Stefan Catheline - LabTau (Lyon)

Elastography, sometimes referred as seismology of the human body, is an imaging modality now implemented on medical ultrasound systems, on MRI and recently in optical coherence tomography devices. It allows to measure shear wave speeds within soft tissues and gives a tomography reconstruction of the shear elasticity. Elastography is thus a palpation tomography. It is also an efficient tool to visualize in situ and to study elastic wave propagation in soft materials such as foams, tubes and membrane.
Understanding the wave physics of porous material has important implication in human soft tissues where liquid is present, as blood for instance.
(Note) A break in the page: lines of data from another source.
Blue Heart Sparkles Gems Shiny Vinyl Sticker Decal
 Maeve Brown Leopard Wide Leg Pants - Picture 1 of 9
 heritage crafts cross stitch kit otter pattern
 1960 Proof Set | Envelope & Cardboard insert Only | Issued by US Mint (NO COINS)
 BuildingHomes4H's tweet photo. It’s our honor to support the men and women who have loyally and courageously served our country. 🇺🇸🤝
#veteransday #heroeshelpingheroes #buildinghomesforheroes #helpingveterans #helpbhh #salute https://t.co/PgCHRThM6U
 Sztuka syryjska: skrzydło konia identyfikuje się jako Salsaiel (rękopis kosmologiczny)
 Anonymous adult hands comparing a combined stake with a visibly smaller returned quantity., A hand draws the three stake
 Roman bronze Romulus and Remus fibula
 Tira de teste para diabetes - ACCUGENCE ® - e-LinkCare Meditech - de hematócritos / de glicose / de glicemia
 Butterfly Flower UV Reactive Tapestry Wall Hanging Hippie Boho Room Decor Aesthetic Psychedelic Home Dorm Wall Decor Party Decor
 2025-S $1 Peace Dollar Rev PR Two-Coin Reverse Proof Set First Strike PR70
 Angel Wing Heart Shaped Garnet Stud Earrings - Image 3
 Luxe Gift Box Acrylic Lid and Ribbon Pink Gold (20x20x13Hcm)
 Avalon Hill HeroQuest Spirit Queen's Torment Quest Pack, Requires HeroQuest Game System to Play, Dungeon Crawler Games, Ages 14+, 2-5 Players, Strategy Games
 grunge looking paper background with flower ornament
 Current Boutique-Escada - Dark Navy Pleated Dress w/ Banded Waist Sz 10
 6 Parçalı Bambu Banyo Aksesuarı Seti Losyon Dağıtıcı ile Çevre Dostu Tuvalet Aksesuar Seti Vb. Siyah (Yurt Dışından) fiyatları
We report experimental observation of a slow (few meters per second) compression wave within a foam.
Elastography experiment in a soft tube is also of interest. The pulse wave that can be felt with fingers along arteries is known to be an indicator of the cardiovascular health of a patient. But the physics of propagation of these guided waves still have secrets that will be discussed during this presentation.
The last part is devoted to elastography of membranes. Elastic membranes are often used as didactic demonstration of gravitation from the general relativity perspective. Indeed, trajectories of rolling spheres such as billiard balls influence each other through the deformation their mass print within the membrane tissue as would the space-time curvature of gravity. The analogy is pushed here using membrane waves. This allows revisiting through membrane waves, the famous 1919 Eddington experiment that demonstrated light deviations of stars in the vicinity of the sun.